La Policía pudo determinar que los robos se producían a mediodía, en su mayoría,aprovechando la menor actividad laboral. Los autores, dos hombres y una mujer que viajaban en un vehículo, accedían a las naves tras forzar ventanas o puertas, aunque en otras ocasiones entraban en las empresas en plena actividad, accediendo a la zona de oficinas y forzando los accesos si era preciso. En caso de ser detectados, simulaban estar interesados en algún producto de la empresa.
A primeros del mes de septiembre se volvieron a cometer de nuevo robos en la zona industrial, aunque en esta ocasión los autores utilizaban para desplazarse otro vehículo distinto. La Policía también pudo averiguar que al menos en una de las empresas habían estado previamente, cuando estaba abierta al público, observando los accesos y sistemas de alarma. En otra empresa, al accionarse los sistemas de alarma, abandonaron el lugar precipitadamente sin conseguir su objetivo.
La investigación permitió identificar a este grupo de personas, sabiendo que residían en la zona de San Sebastián, que se desplazaban en vehículo hasta Burgos y que, una vez cometidos los robos, regresaban de nuevo al País Vasco.
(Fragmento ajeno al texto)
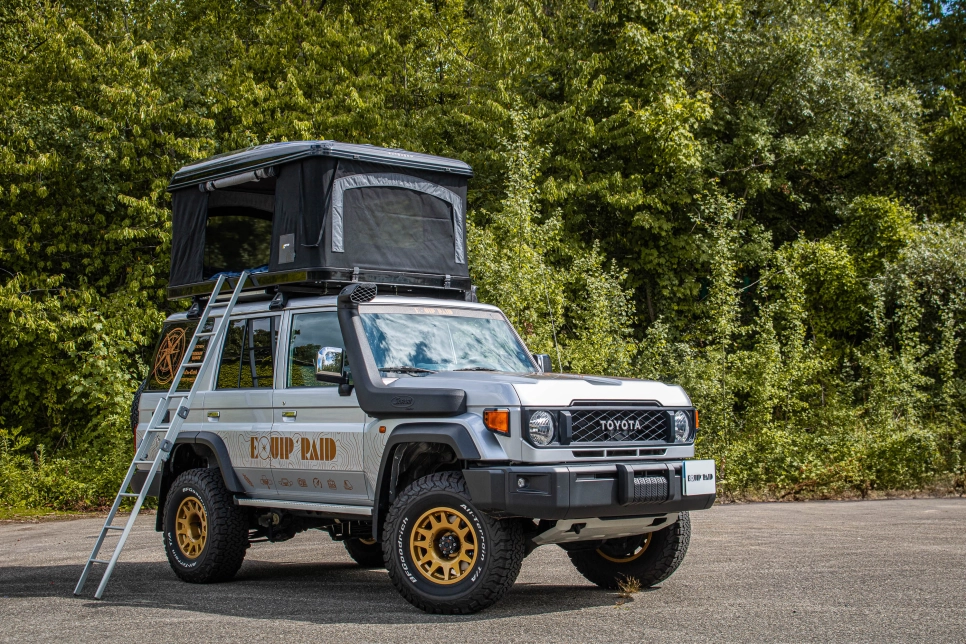 Tente de toit premium Airtop 360 Autohome installée sur Land Cruiser 76 Toyota par Equip'Raid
Finalmente la
Policía logró la detención de estos individuos, a los que se les imputan diez robos.
Se les ha intervenido un vehículo, un juego de diez llaves neutras de cerradura de coche, una tarjeta de plástico utilizada para abrir las puertas y una linterna. A los tres detenidos les constan numerosos antecedentes y varias reclamaciones judiciales pendientes, incluyendo una de ingreso en prisión.